ジブリアニメの海外進出に関するニュース
2005年03月06日(日)00時00分
3月6日付Daily Variety紙でRobert Koehlerは「ナウシカ」他のDVDをレビューしました。
同世代で最も想像力にあふれ才能がある日本のアニメーター宮崎駿は、本当はそうではないのに受け入れられてしまっているあのもっともらしいフレーズ、「日本のディズニー」として米国では知られるようになった。米国では未公開の宮崎の二作品――監督第二作の「風の谷のナウシカ」(1984)と彼の最も評価されていないが最も個人的な映画である「紅の豚」(1992)――のディズニーによる発売は、このフレーズを裏付けるもののように見える。若いキャラクターたちのファンタスティックな冒険を監督が好むこと、彼のすばらしく成功しているスタジオジブリが金銭上、制作上のパートナーシップをディズニーと組んでいることを考えれば、駿をウォルト(ディズニー)と直接比べるのは自然である。

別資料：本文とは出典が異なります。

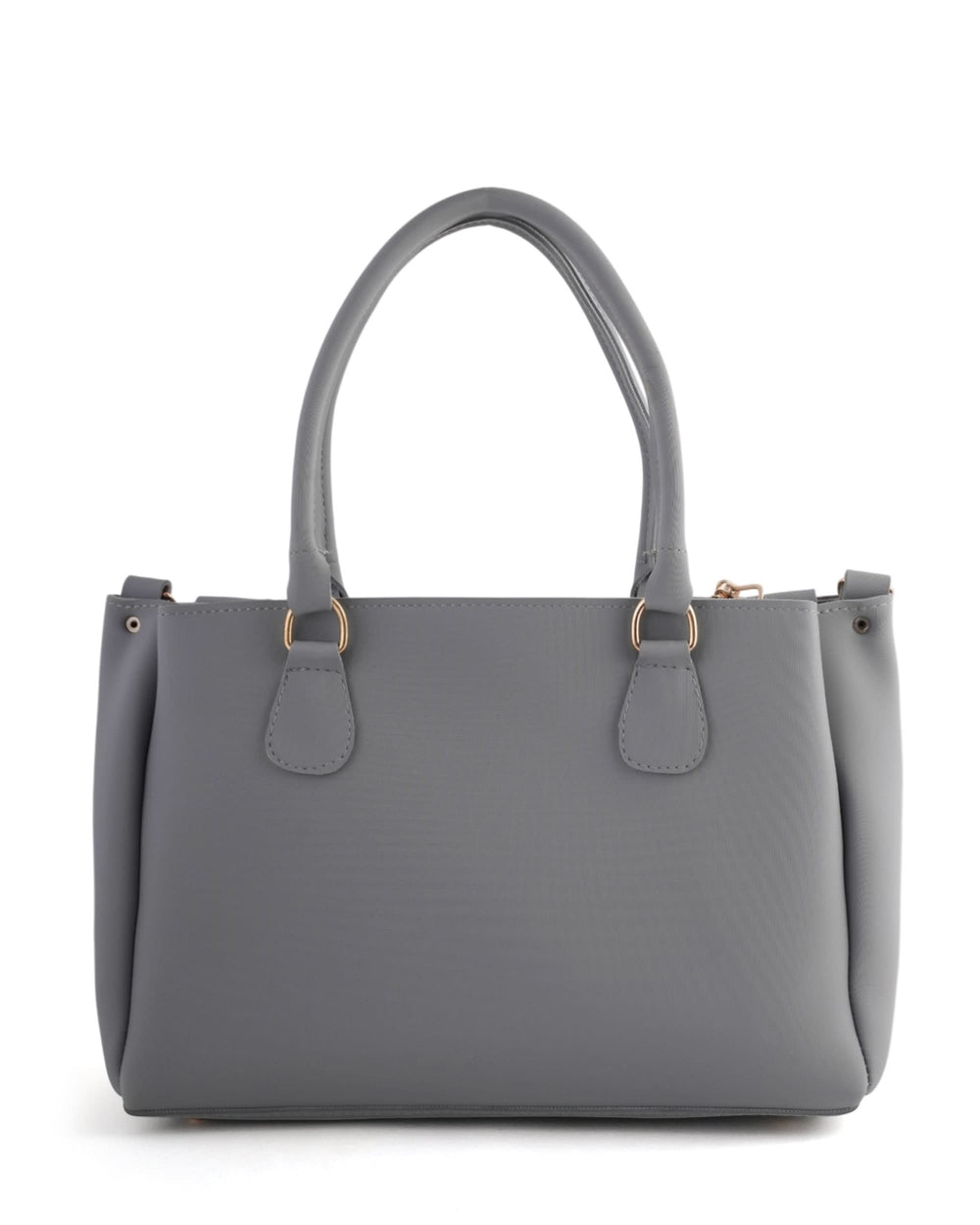 Women Handbag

(宮崎がディズニーと似ていると)そう言ったからといって、そうだということにはならない。そして今回発売された(宮崎の)作品とジブリが制作した「猫の恩返し」を見れば、何よりそれは明らかである。「猫」は宮崎のアイディアに基づくが森田弘幸が監督した2002年の作品で、今回発売された作品の中で、典型的なディズニーアニメーションと比較できる唯一の作品である。
(中略)「猫」はこの三作品の中ではるかにレベルが低く、最も若い女の子に向いた作品である。それは宮崎に世界的な大ヒットをもたらした広い層にわたる大衆という観客層ではない。
そのかわりに、宮崎ファンやアニメーションファンは「紅の豚」と「ナウシカ」に注意を向け、そしてこれらの作品を見ながら、なぜそれらがビデオ発売される前に劇場公開されないのかと疑問に思うべきである。 元第一次世界大戦のエースパイロットの賞金稼ぎで人間の体に豚の顔を持つ、題名にもなっているキャラクターが、空賊を警戒してアドリア海を飛び回るという素晴らしく面白い「紅の豚」に関しては、特にそうである。
もしこの映画が家のテレビに収まるには大きすぎると感じるなら、それは「紅の豚」が映画館のスクリーンで見るように作られた素晴らしく豊かな(主に大人と年長の子供向けの)映画らしい映画であるからである。ディズニーがこの映画をやっと発売したことは褒められるべきだが(しかしフランスでは1999年からDVDで見ることができたのだが)、ちゃんとした劇場公開を避けたことについては真剣に叱られるべきである。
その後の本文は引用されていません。